It is necessary to be able to:
•Define incomplete (reduced) penetrance.
•Identify an example of incomplete penetrance in an autosomal dominant pedigree as shown in Figure II-1-13.
•Include penetrance in a simple recurrence risk calculation.
Incomplete Penetrance in Familial Cancer. Retinoblastoma is an autosomal dominant condition caused by an inherited loss-of-function mutation in the Rb tumor suppressor gene. In 10% of individuals who inherit this mutation, there is no additional somatic mutation in the normal copy and retinoblastoma does not develop, although they can pass the mutation to their offspring. Penetrance of retinoblastoma is therefore 90%.
Pleiotropy
Pleiotropy exists when a single disease-causing mutation affects multiple organ systems. Pleiotropy is a common feature of genetic diseases.

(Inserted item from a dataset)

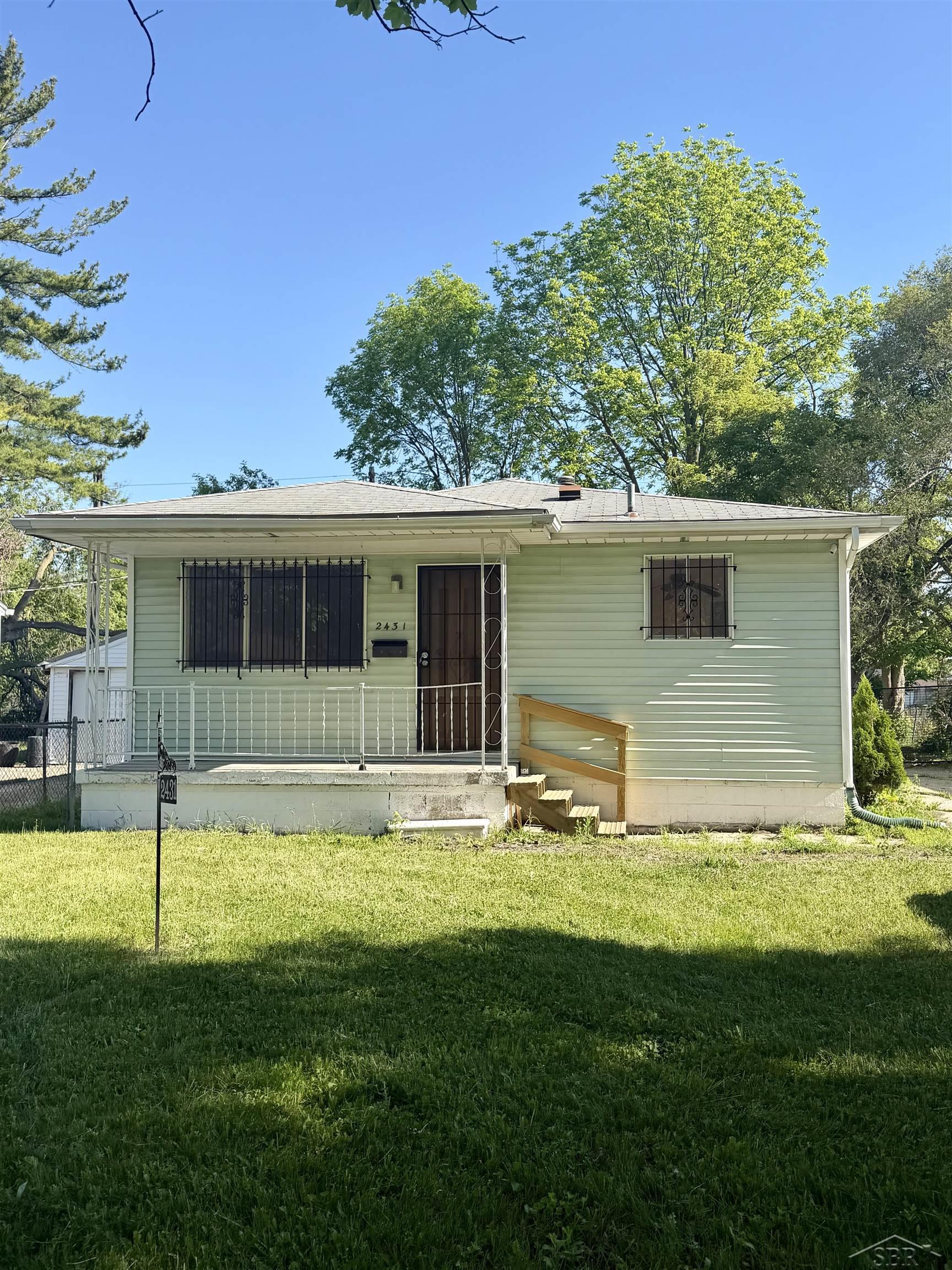 2431 Ledyard Street, Saginaw MI 48601 photo 1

Pleiotropy in Marfan Syndrome
Marfan syndrome is an autosomal dominant disease that affects approximately 1 in 10,000 individuals. It is characterized by skeletal abnormalities (thin, elongated limbs; pectus excavatum; pectus carinatum), hypermobile joints, ocular abnormalities (frequent myopia and detached lens), and most importantly, cardiovascular disease (mitral valve prolapse and aortic aneurysm). Dilatation of the ascending aorta is seen in 90% of patients and frequently leads to aortic rupture or congestive heart failure. Although the features of this disease seem rather disparate, they are all caused by a mutation in the gene that encodes fibrillin, a key component of connective tissue. Fibrillin is expressed in the periosteum and perichondrium, the suspensory ligament of the eye, and the aorta. Defective fibrillin causes the connective tissue to be “stretchy” and leads to all of the observed disease features. Marfan syndrome thus provides a good example of the principle of pleiotropy.
Locus Heterogeneity
Locus heterogeneity exists when the same disease phenotype can be caused by mutations in different loci. Locus heterogeneity becomes especially important when genetic testing is performed by testing for mutations at specific loci.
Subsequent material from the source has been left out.